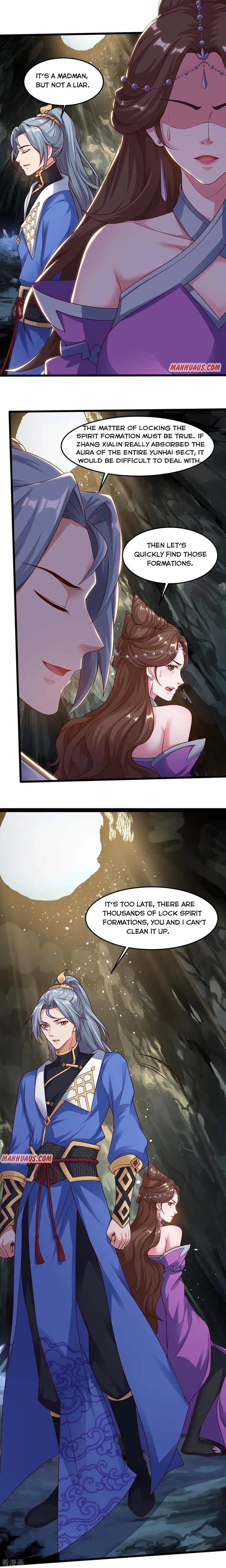 Reborn 80,000 Years Chapter 153 page 5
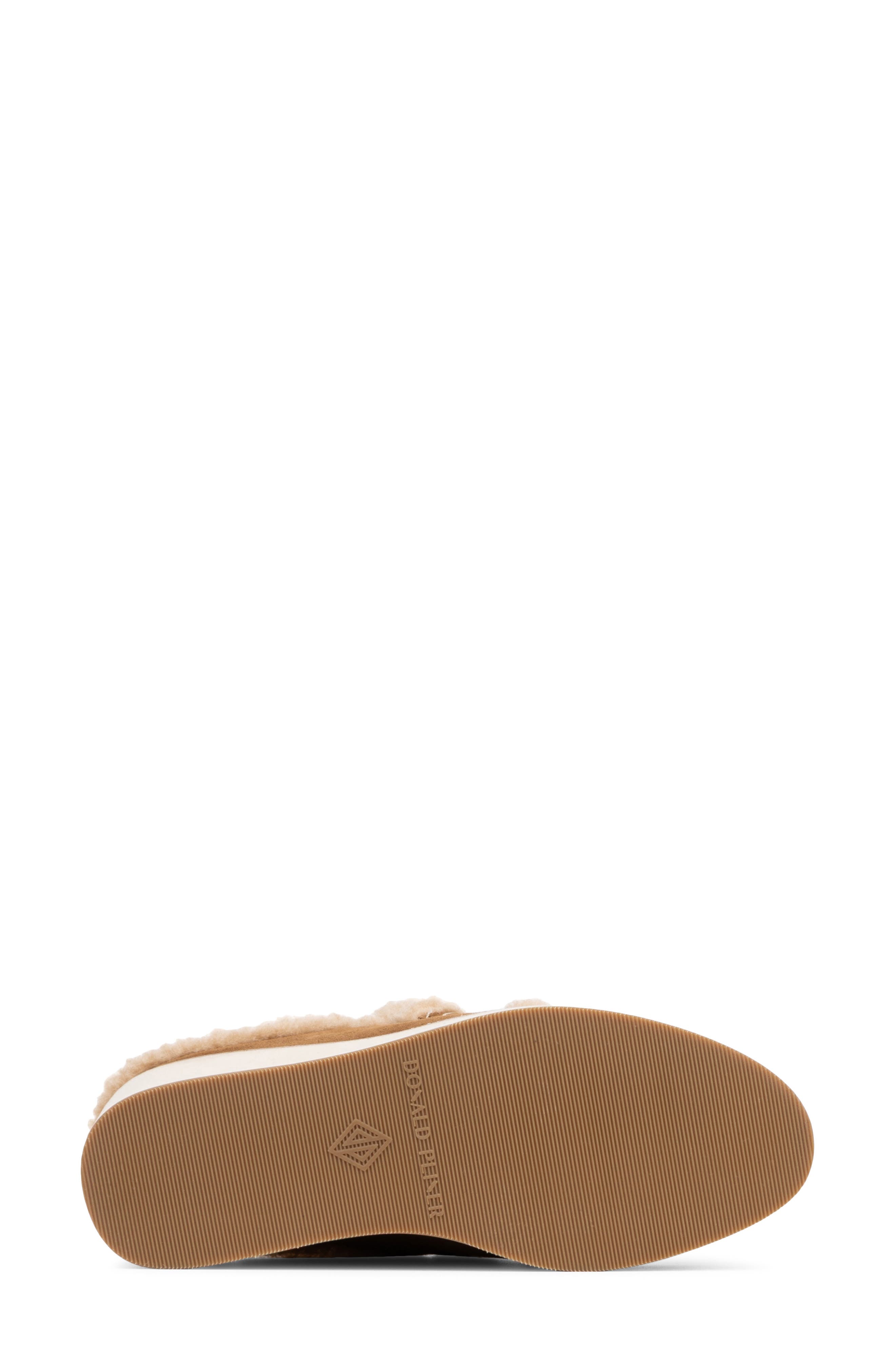 Jackpot Leather Wedge Mule, Alternate, color, SADDLE
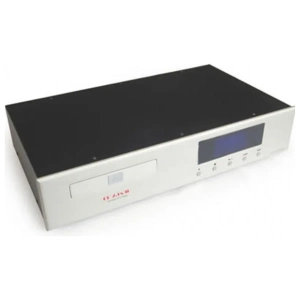 Audio Note CD 2.1x MkII lettore CD a valvole, vista frontale – foto 2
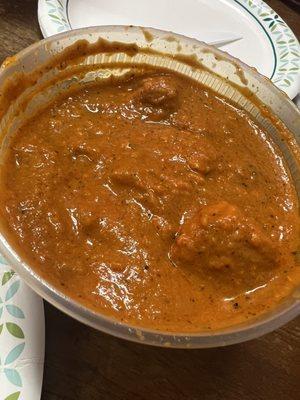 Chicken Tikka Masala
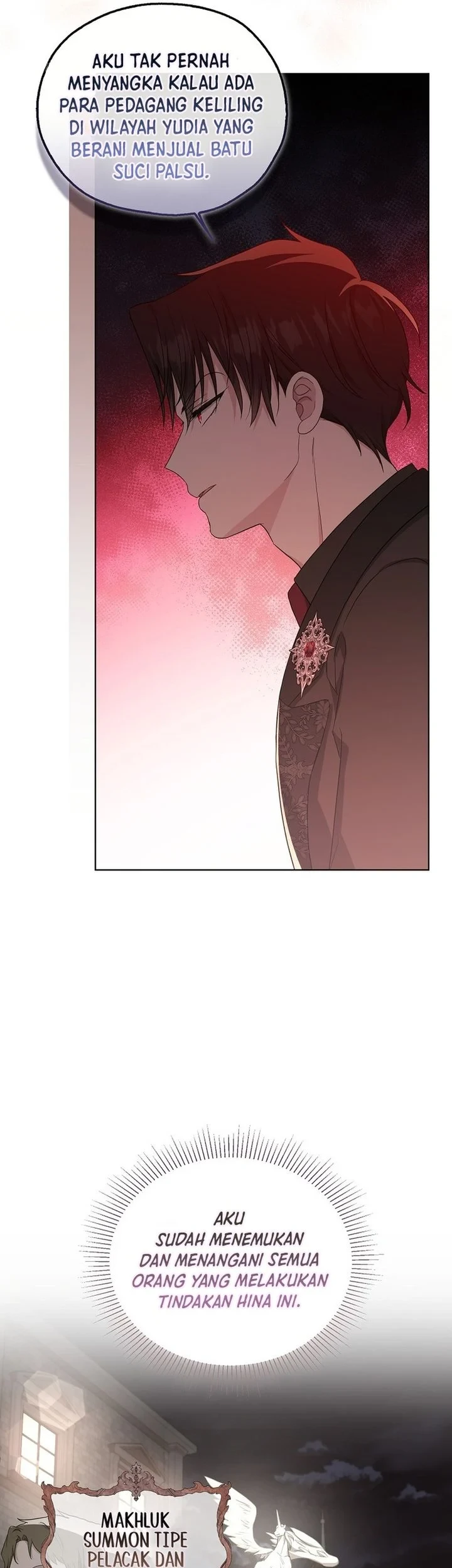 The Oracle of the Villainous Baby Chapter 22 - halaman 37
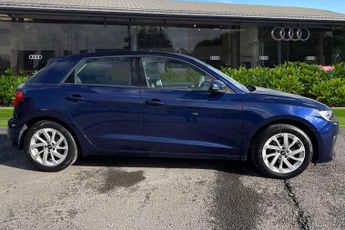 Audi A1 25 TFSI Sport 5dr S Tronic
++++++++
- **Exercise**
Output nothing except the lines from the one containing "The Oracle of" through the final line of the entries, repeated exactly and free of pictures.

- **Exercise response**
 The Oracle of the Villainous Baby Chapter 22 - halaman 37
 Audi A1 25 TFSI Sport 5dr S Tronic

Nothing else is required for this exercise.